Au lieu d’entreprises connectées aux tuyaux de la rente et structurée pour la siphonner, l’Algérie a besoin d’entreprises citoyennes qui payent leurs impôts en toute transparence, qui déclarent leurs employés et qui contribuent à la sédentarisation des jeunes cadres algériens dans leur pays pour qu’ils lui donnent le meilleur d’eux-mêmes au lieu de le faire au service de pays tiers.
Les pouvoirs publics, par le moyen d’une gestion politique et non judiciaire des contentieux commerciaux et autres, grâce à un comité qui détient un pouvoir panoptique et qui, à être aussi diversifié par ses acteurs, ne peut être soupçonné d’impartialité, ménagent la chèvre et le chou et laissent sa chance au loup pour qu’il change de peau et rejoigne le berger pour préserver les intérêts de tous.

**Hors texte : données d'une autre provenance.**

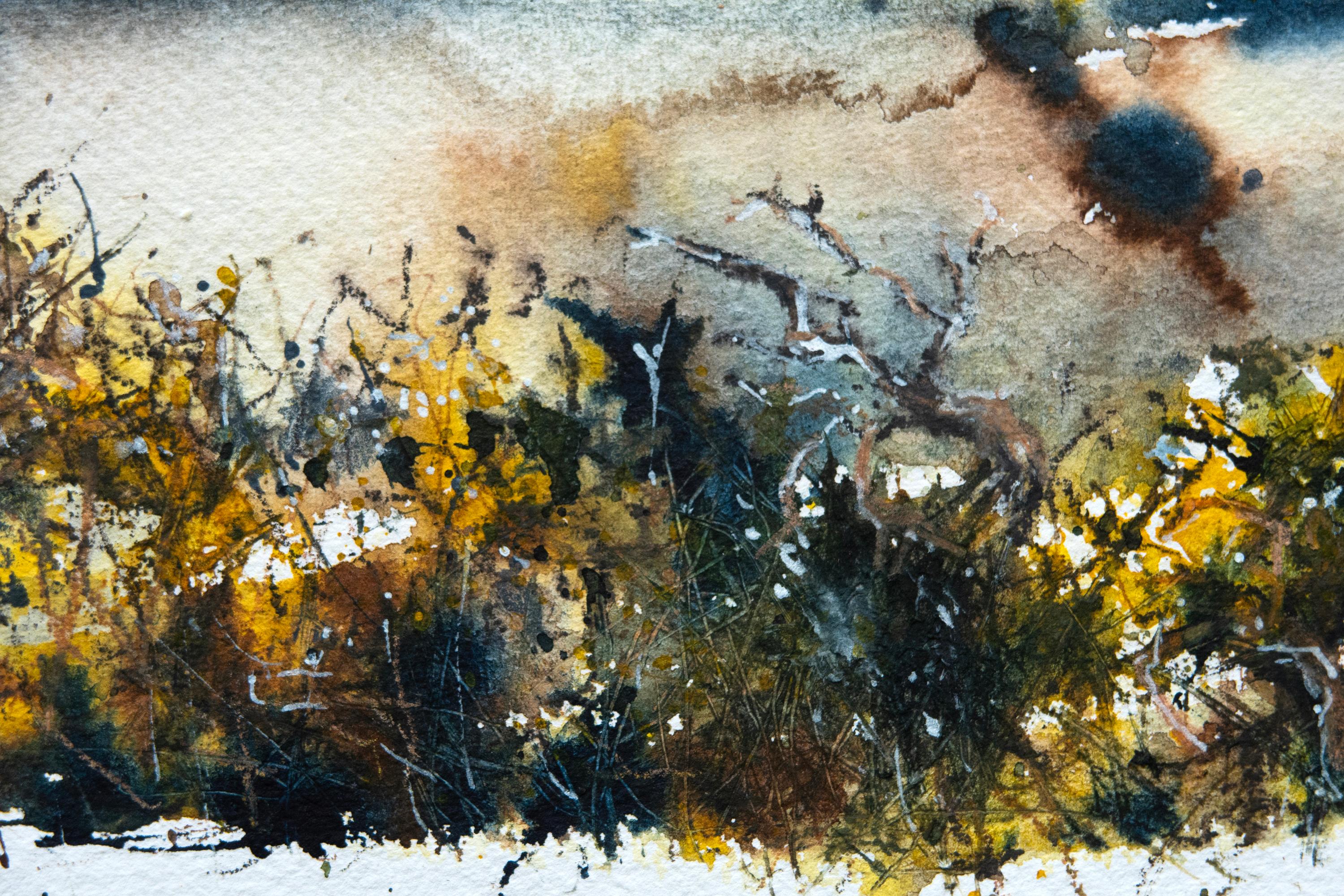 'Mys Genver Owr'. Contemporary Mixed Media Landscape, Cornwall, Yellow Gold Blue - Gray Landscape Art by Sophia Milligan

Ces intérêts dits de tous se retrouvent dans la diminution des importations, le développement des exportations, la préservation de la cohésion sociale en veillant à amortir le choc matériel des transitions sur les catégories les plus fragiles de la société, l’accompagnement des entreprises économiques qui vont dans le sens de cette politique d’émancipation, le développement du recouvrement de la fiscalité ordinaire et, aussi, le maintien de la lutte rigoureuse contre toutes les formes de prédation qui ont longtemps saigné l’Algérie.
La prospérité partagée est un concept de justice sociale qui ne peut être permanisé par les subventions alimentaires ou autres, car il ne peut se pérenniser pas les capacités financières de la rente en hydrocarbures, et cela même si cette dernière est une bénédiction qui sustente notre souveraineté. La prospérité vient de la prise de responsabilité citoyenne de chacun, y compris de l’entreprise et des citoyens, chacun y prenant la place et le rôle qui est le leur, fonctionnant comme des propulseurs ou des flotteurs qui contribuent à renflouer le corps social et la machine économique. Quand ils deviennent des fardeaux, des lests qui surchargent le corps social, les instances de l’Etat, en charge du sauvetage et de la préservation de ce corps social, prennent leur responsabilité en se délestant des surcharges.